Black and White Ball Style Guide: What to Wear

Jennifer Hood, Contributing Writer

Cigarettes, lace, fur and ferocity. This is your last-minute guide to nail that perfect outfit for Haraya’s Black and White Ball while staying true to this year’s theme: “The Haraya Playhouse: Welcome to the Harlem Renaissance.”

First, consider history. The Harlem Renaissance was an era of artistic and social advancements within the black community. It was a time in which black excellence was first recognized for its intellectual contributions to society.

“I think the theme pays tribute to the people before us,” said Dionté Williams, Haraya’s vice president of activities.“They brought us here, and today it feels like we mirror that. We are in our own Renaissance. We are really still fighting for change.”

In an effort to reflect these advancements, changes have been made to the ball. Traditionally, the Black and White Ball has had a strict dress code: Black or white. With this year’s theme paying tribute to the black excellence of the 1920s, the dress code has been altered to any color, any accessory — as long as attendees dress accordingly.

“Go for the twenties or vintage [look],” said Williams between mascara-riddled blinks. “Know the era that you’re embodying, and don’t show up not in theme.”

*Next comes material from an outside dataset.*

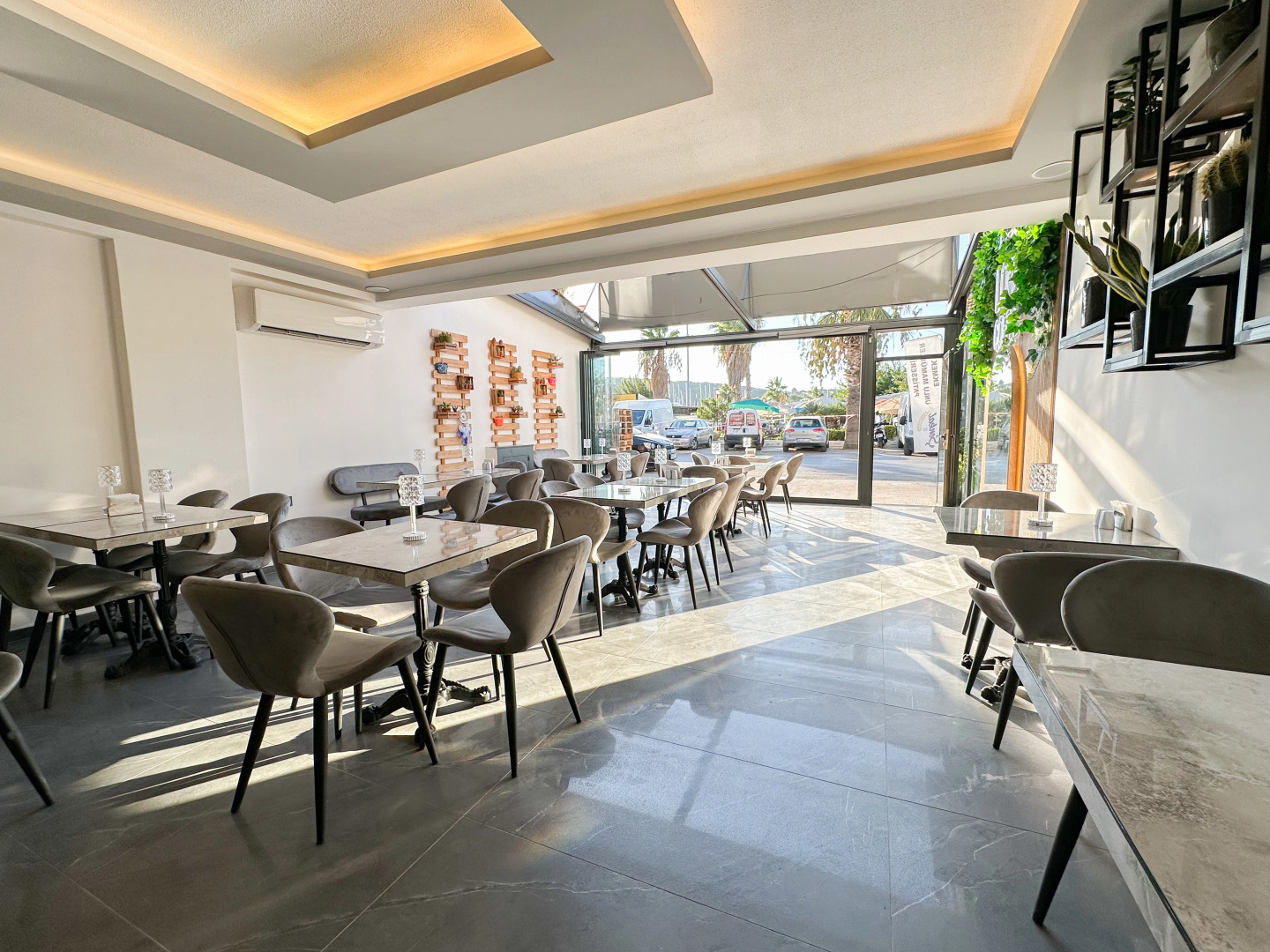 Отель Bed&Breakfast Marina Lora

With time running out, it may be too late to go for that all-out outfit; however, there are a few things you absolutely need to consider if you really want to make a statement.

Normally, women would be thinking of a flapper-like outfit. Sequins, lace and details. More is more when it comes to your dress. The intricate details are a must-have. This is the time to ditch the flats and pull out the heels. Sacrifice yourself and get the blisters — this night of absolute glam would not be complete without accessories.

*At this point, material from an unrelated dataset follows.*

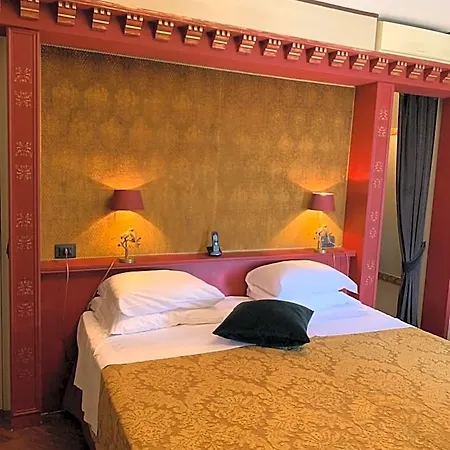 Hotell Hotel La Calcina 3*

“Gloves, headbands… and fur,” said Phoenix Totesau-Johnson, a Haraya member who helped put on “Finesse Your Fit,” a program co-hosted by Redhouse, St. John’s fashion organization. The program discussed the “do’s and don’ts” of outfits for the Ball.

According to “Finesse Your Fit,” it has to be one or the other. A simple dress with all-out accessories or an over-the-top dress with sleek accessories; however, because of the March 2 deadline, it might be more realistic for women to go a different route. If you choose not to wear the flapper-esque dress and want to go for the more cost-effective option, feel free to pull that a-line, black dress from your closet and dress it up with the accessories. This look may be more time-friendly, with the Ball less than a week away.

The plain black dress is a totally acceptable option, but to keep to theme, you will have to really step up the accessories.

“A long pearl necklace, feathers, furs, headbands or red lipstick is a good way to go,” said Raven Jackson, a senior Haraya member.

Men. We haven’t forgot about you and you’re in luck.

Tuxedos and suits are timeless. With little changes in men’s fashion over the decades, you don’t have much to worry about. To really stick with the trends of the 1920s, you could go with a slightly oversized suit, a vest or even a suit with stripes. Otherwise, a normal suit is fine, as long as you add details.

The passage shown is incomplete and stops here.